RECORDS TO USE:
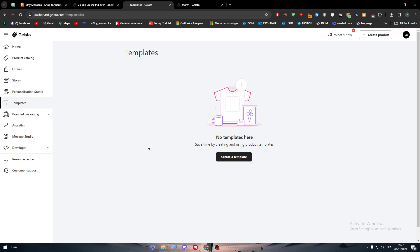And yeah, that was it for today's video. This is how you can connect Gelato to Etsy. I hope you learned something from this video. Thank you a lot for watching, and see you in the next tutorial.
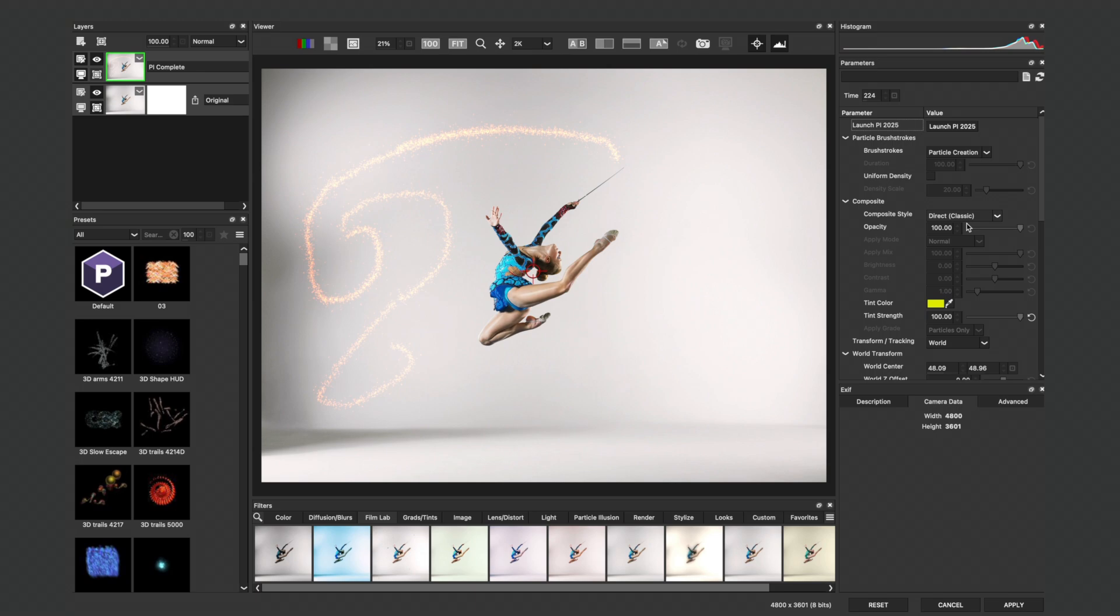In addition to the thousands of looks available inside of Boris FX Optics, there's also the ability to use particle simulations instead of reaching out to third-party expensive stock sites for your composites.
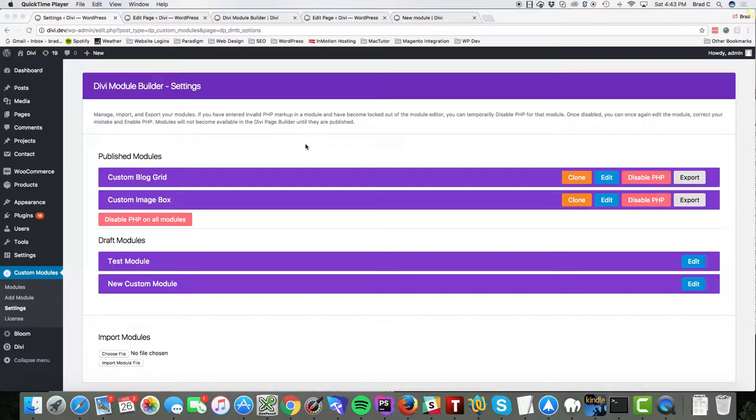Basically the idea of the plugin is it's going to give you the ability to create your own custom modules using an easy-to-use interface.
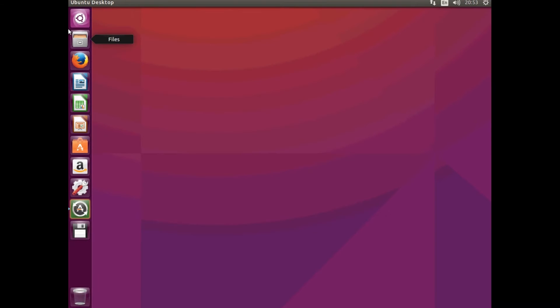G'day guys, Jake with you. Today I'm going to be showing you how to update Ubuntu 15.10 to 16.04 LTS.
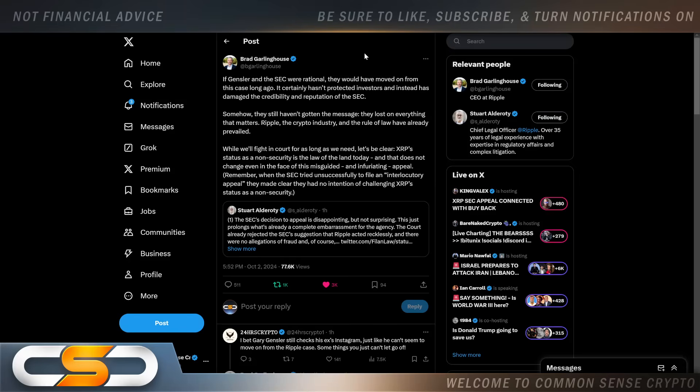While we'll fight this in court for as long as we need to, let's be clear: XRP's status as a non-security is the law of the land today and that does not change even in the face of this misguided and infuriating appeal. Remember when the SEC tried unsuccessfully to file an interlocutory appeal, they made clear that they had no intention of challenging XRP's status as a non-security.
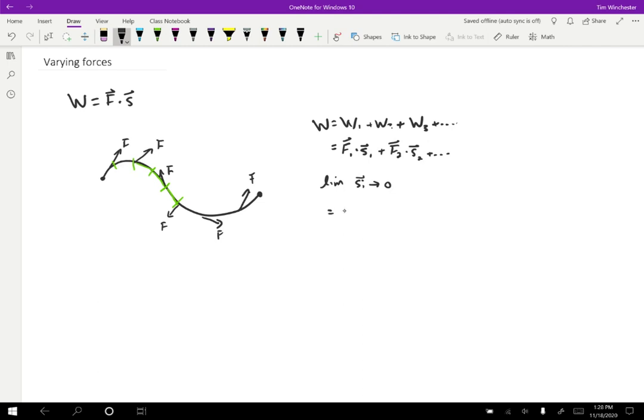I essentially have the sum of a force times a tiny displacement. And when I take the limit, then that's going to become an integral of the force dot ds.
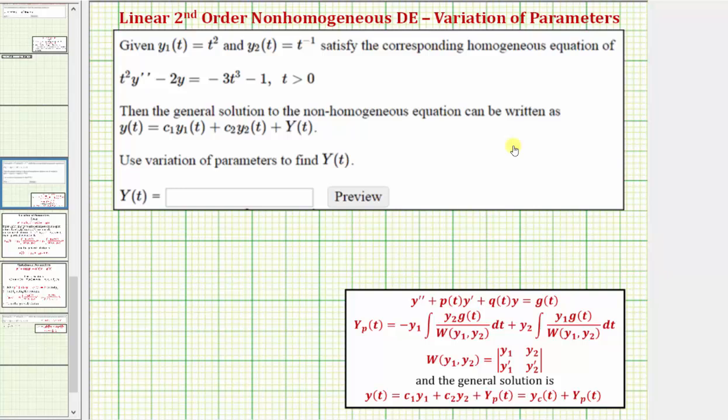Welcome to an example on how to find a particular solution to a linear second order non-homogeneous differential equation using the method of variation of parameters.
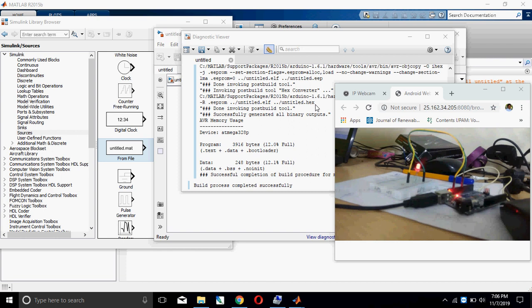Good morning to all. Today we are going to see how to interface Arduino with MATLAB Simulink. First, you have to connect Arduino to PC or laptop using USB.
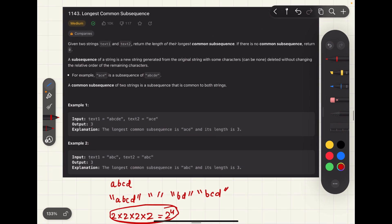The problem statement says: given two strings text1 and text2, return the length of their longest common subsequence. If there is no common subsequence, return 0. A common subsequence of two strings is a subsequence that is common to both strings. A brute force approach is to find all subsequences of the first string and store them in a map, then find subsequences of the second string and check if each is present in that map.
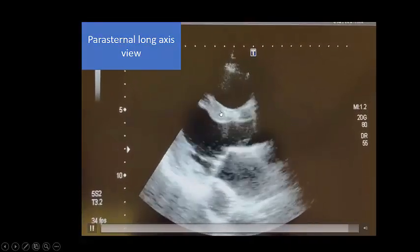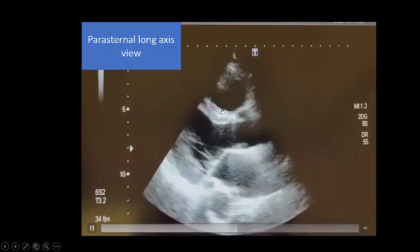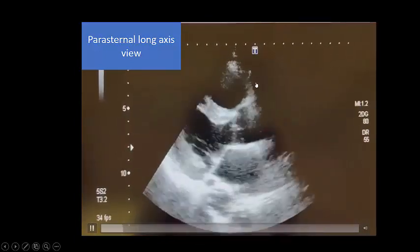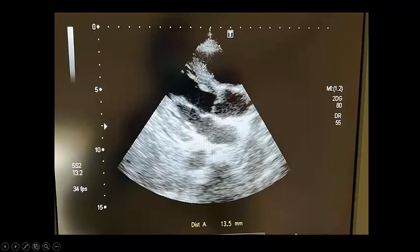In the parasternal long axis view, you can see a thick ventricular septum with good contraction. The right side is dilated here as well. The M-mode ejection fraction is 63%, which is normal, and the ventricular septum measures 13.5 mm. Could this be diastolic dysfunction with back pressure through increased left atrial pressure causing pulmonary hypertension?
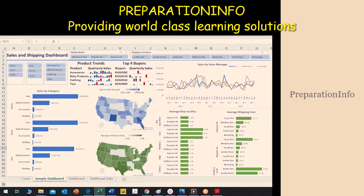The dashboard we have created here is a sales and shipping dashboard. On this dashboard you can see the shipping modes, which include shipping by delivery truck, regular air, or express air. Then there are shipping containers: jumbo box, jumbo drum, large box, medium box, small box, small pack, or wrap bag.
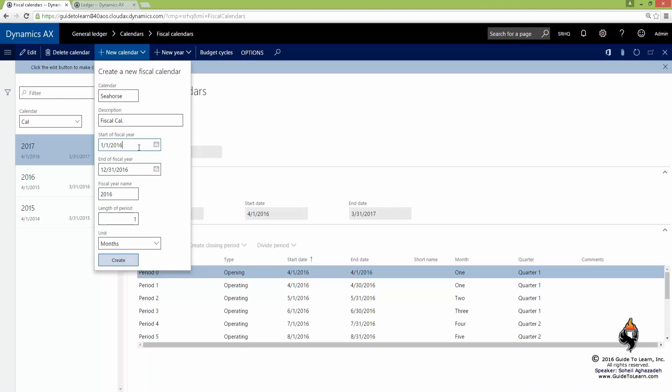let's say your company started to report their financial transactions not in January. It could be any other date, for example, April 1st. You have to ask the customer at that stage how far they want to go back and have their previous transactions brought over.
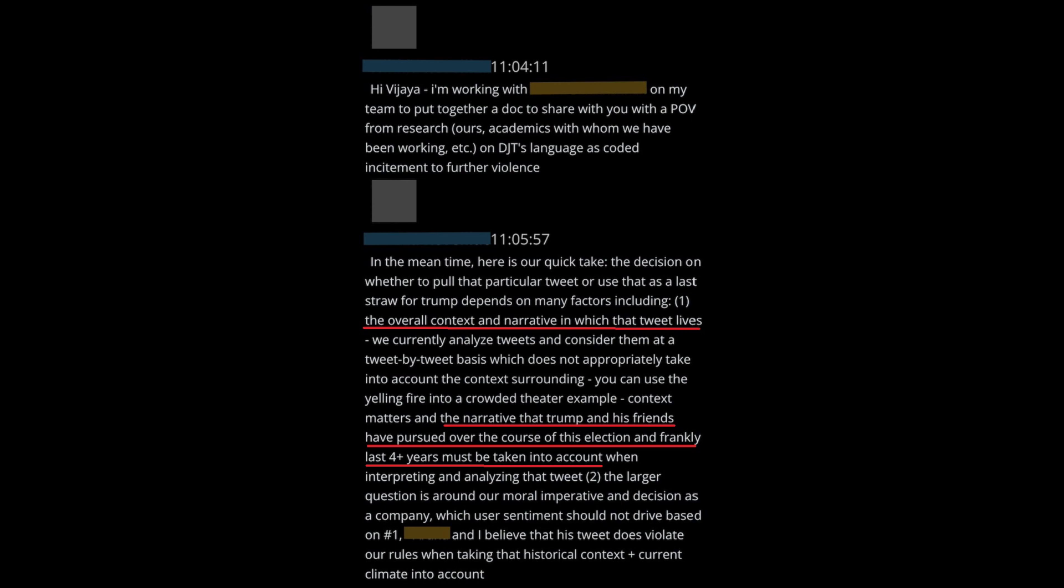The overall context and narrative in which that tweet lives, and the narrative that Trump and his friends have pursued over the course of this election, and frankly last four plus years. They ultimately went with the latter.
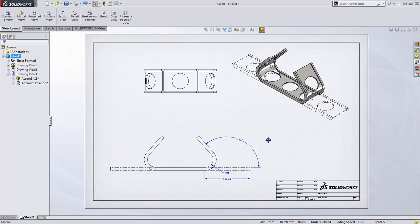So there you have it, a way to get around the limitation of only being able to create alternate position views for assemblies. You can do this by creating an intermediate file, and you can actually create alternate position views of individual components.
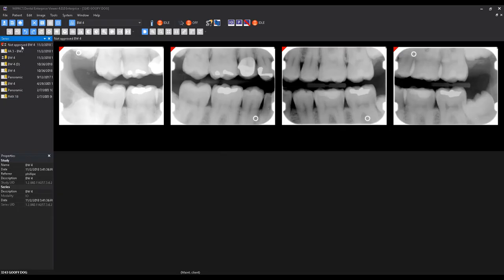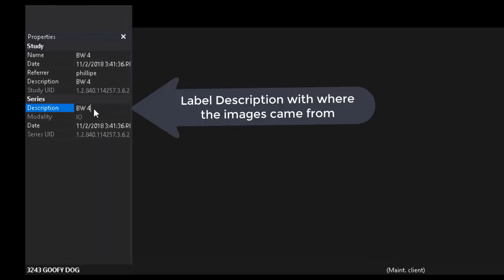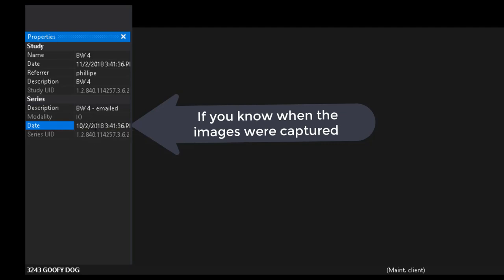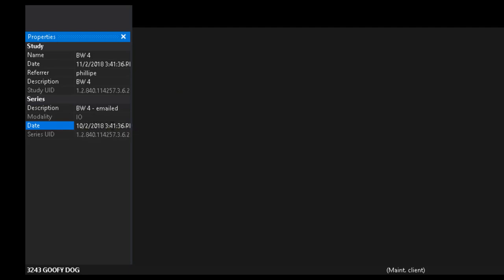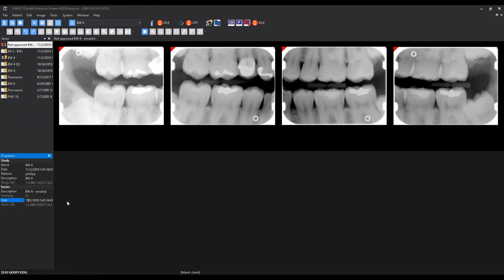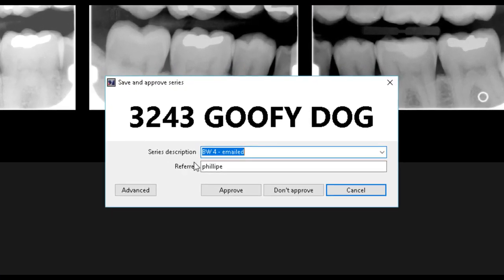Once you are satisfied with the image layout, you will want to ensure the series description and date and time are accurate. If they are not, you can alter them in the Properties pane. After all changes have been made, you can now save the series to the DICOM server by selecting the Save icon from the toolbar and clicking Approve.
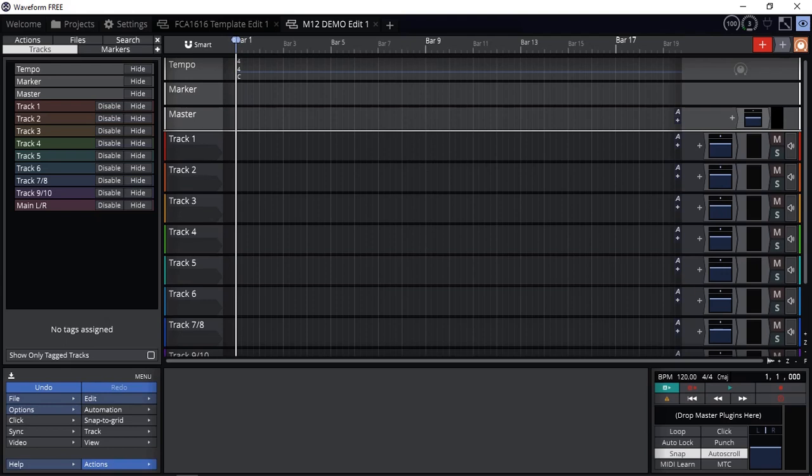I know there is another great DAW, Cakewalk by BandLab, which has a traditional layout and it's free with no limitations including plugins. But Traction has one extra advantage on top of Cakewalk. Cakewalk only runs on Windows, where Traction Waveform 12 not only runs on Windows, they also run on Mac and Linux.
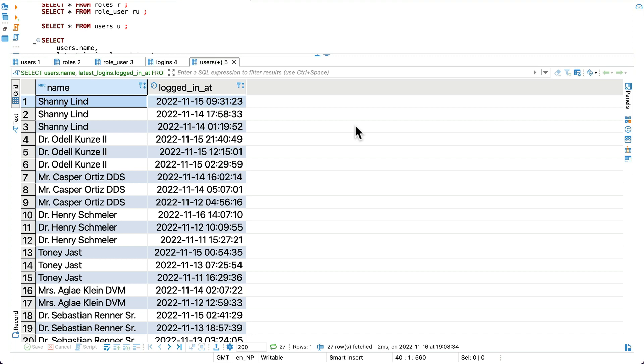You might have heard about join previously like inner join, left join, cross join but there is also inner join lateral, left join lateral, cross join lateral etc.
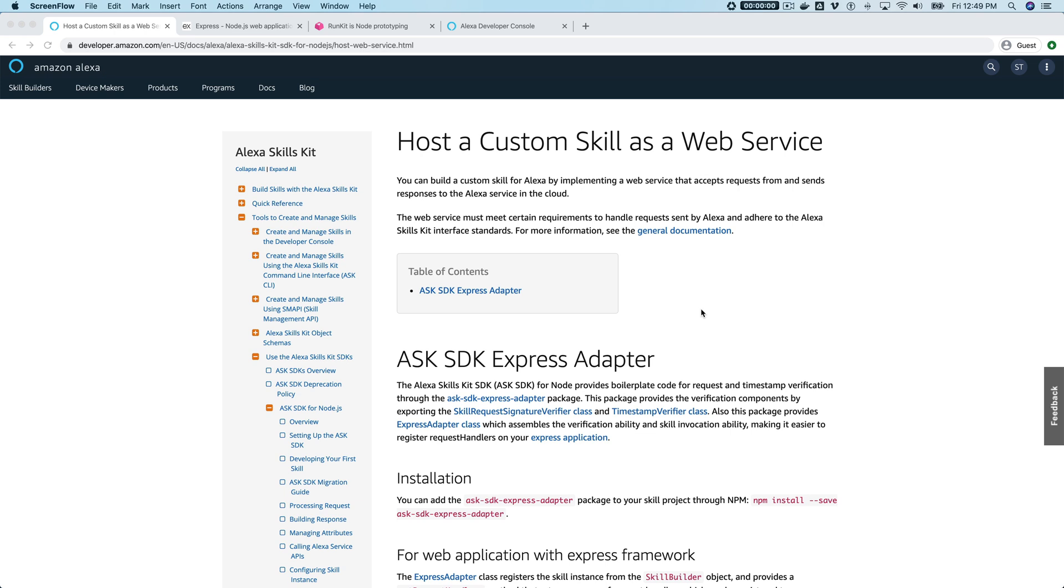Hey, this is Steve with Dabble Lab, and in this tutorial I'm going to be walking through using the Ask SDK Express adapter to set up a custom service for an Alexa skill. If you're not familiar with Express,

EXERCISE DIRECTIONS: Please copy the lines above exactly, starting at the line that holds "The overall context" and ending at the line that holds "So there you"; include both, but no pictures.

TASK RESULT:
The overall context and narrative in which that tweet lives, and the narrative that Trump and his friends have pursued over the course of this election, and frankly last four plus years. They ultimately went with the latter.
So there you have it, a way to get around the limitation of only being able to create alternate position views for assemblies. You can do this by creating an intermediate file, and you can actually create alternate position views of individual components.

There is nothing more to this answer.